Alan (see the link above) makes a very interesting point about creeds: namely that while “Jesus is Lord” initially served to unite Christians and be the dividing line b/n those who were and were not part of Christ’s ekklesia/church, the more current (and longer) creeds were used to distinguish Christians from other Christians. I’m not sure if Alan is right, or that things are quite that clean, but I do know that creeds have tended to get longer as more and more doctrines have been added by this or that group to the supposed “essentials of the faith” with corresponding heresies being catalogued.

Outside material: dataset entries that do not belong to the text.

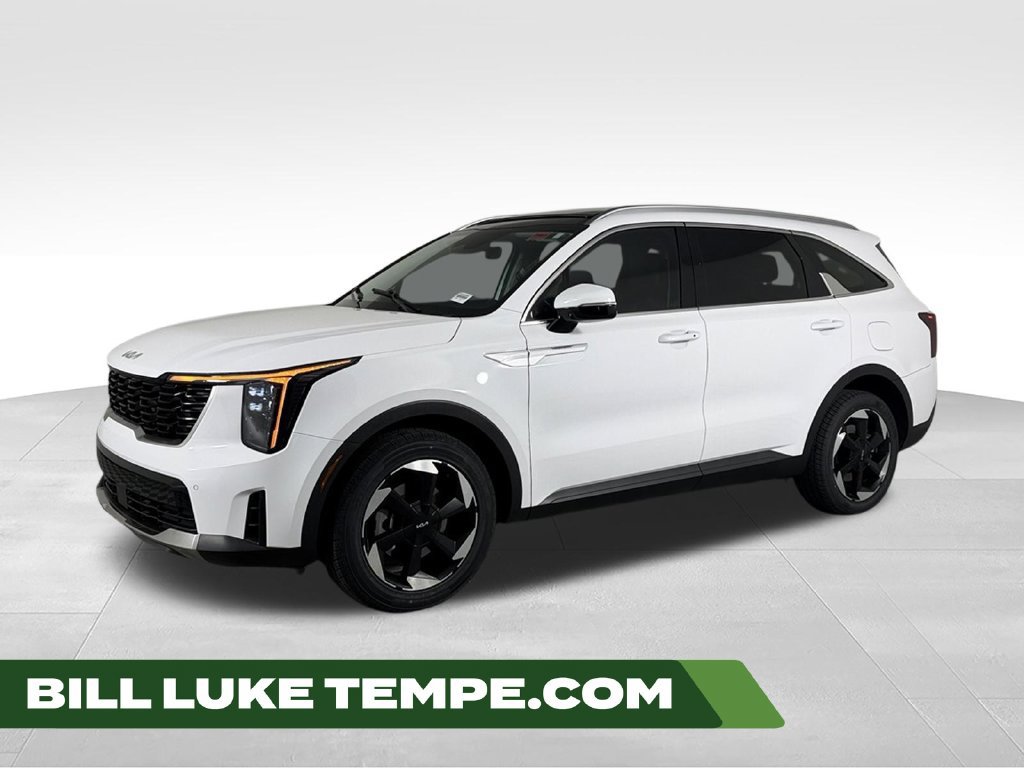 Used 2025 Kia Sorento S w/ Panoramic Sunroof Package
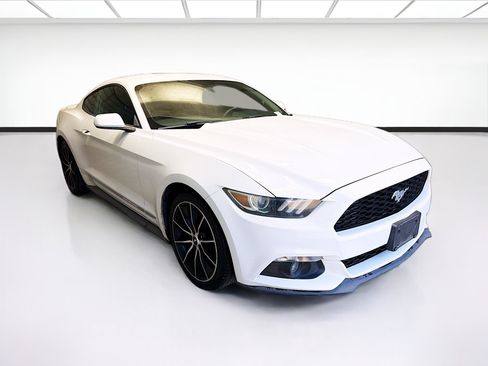 Used 2016 Ford Mustang Coupe w/ Wheel & Stripe Package RWD image 3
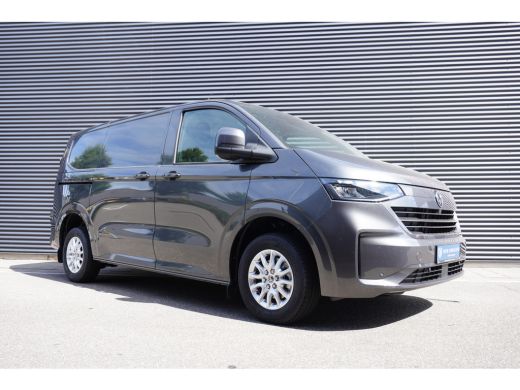 Volkswagen Transporter 2.0 TDI L1H1 28 Style 150 pk, Navigatie, Climatronic, PDV V + A, Achteruitrijcamera ActivLease financial lease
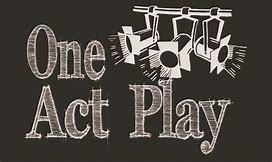 District One Act Play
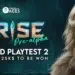 Arise Closed Playtest Returns With $25K In Cta Token Rewards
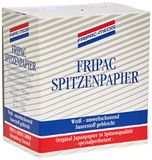 Fripac-Medis Tip Papieren, Wit 7,5 x 5,5 cm - Pak van 500 Vellen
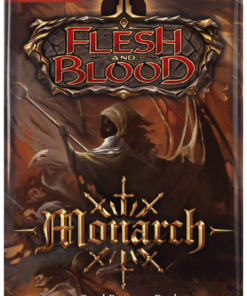 Buy Flesh & Blood - Monarch Unlimited Booster Pack - Version 2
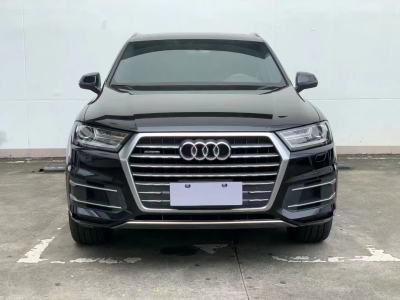 2019年8月 奥迪 奥迪Q7(进口) Q7 3.0T FSI Prestige 美规版图片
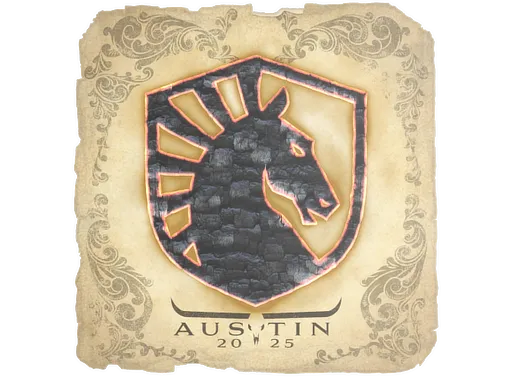 印花 | Team Liquid | 2025年奥斯汀锦标赛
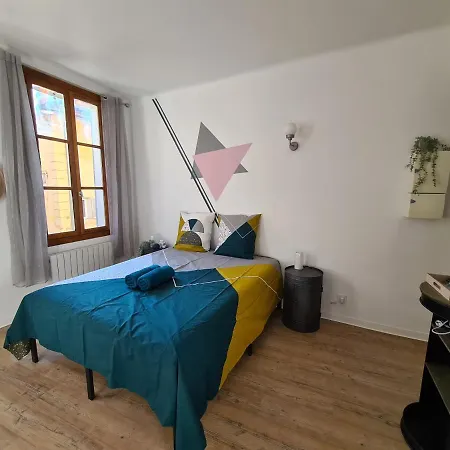 Apartment Studio Boulegon Hyper Centre Aix Aix-en-Provence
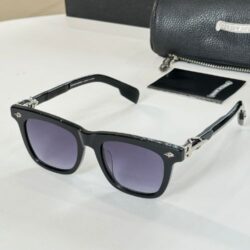 Chrome Hearts Sunglasses CH8251 Black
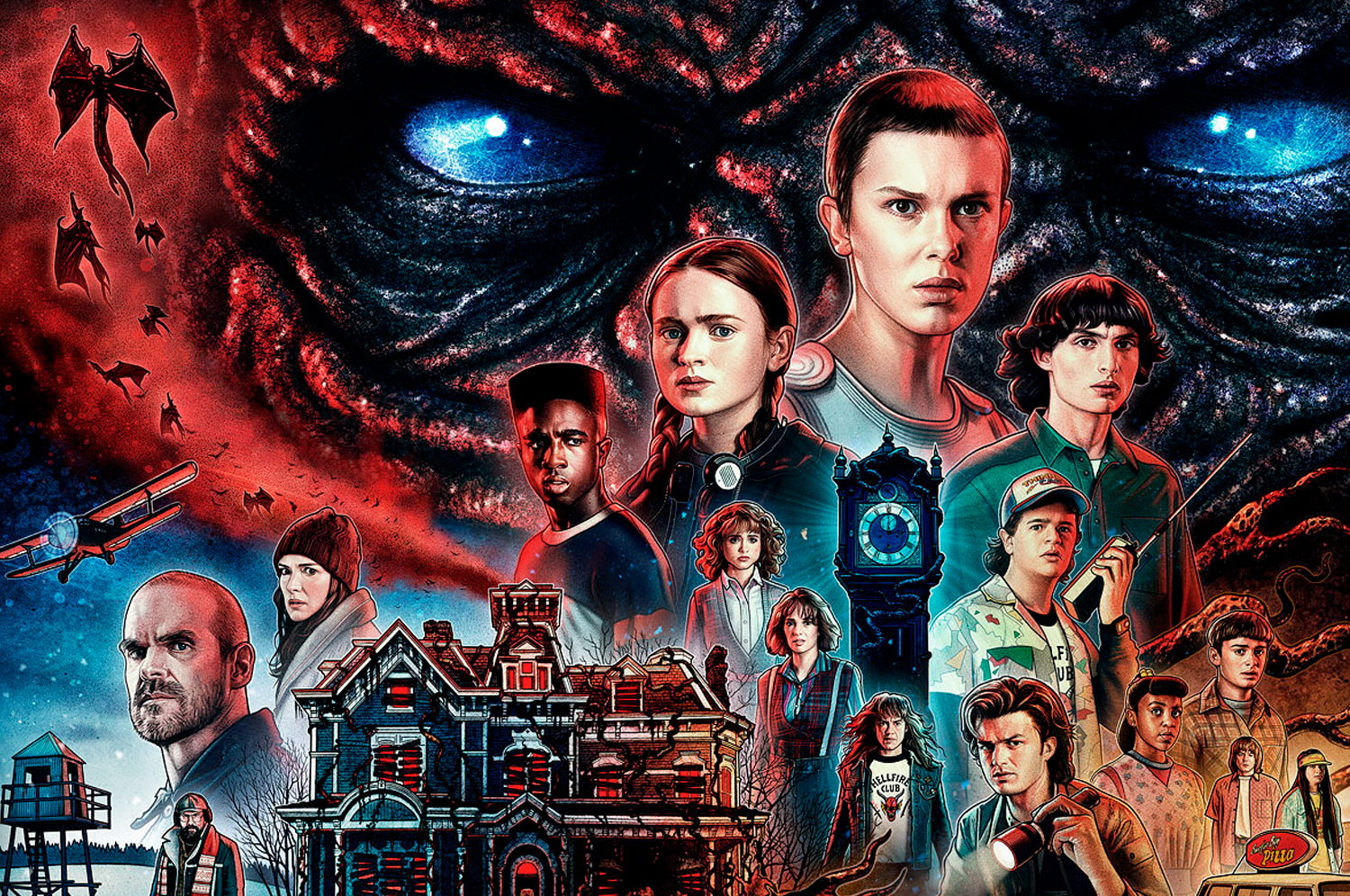 Stranger Things: 7 detalhes para se lembrar antes do Volume II da 4ª Temporada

While I agree with all of the ancient creeds, I can’t help but think every time someone says we need to use the Nicene or some other ancient creed more often in worship or as a basic confession (essential for membership) in our churches, that we lose something, that we distort Jesus and his own emphases somehow. For example, I believe that Jesus was born to a virgin. I find it unhelpful, though, that this point gets included as “an essential” while the teachings that Jesus said summed up all the law and the prophets (Love God with all one’s heart, soul, mind & strength, and one’s neighbor as oneself) gets no mention. Do the creeds create a different set of “essentials” than what Jesus taught? If so, is everybody okay with that? I keep thinking that the shorter, “Jesus is Lord” would better serve; that it would focus us on the Man himself and his priorities; that in this case, less really is more. How about you? I’m going to post a little on each word of that creed and see where it leads.
By the way, for those looking for another Vineyard post, I’d also credit the Vineyard for this holistic Jesus-focus in my life. I credit my S. Baptist upbringing for telling me that the Bible is God’s word and we do well to treat (all of) it accordingly. But when it came to Jesus and the good news about him, they really only gave me the last third/half of the gospels as “gospel.” Only Jesus’ death was gospel, when push came to shove, because that was the act of substitution, that’s what allowed me to go to heaven, and that was the good news. It was the Vineyard’s influence that started me wondering if everything else in “the gospels” was also good news, that Christianity was about more than surviving judgment, though that was pretty darn good. Thanks significantly to the Vineyard, I started to see that Jesus was talking about the gospel in terms of God’s reign coming to earth, and that Jesus was the embodiment, in word and deed, of what God had in mind to do as the rightful King of the world. Good news, folks: “Jesus is Lord (over everything threatening humanity, within and without).” More to come.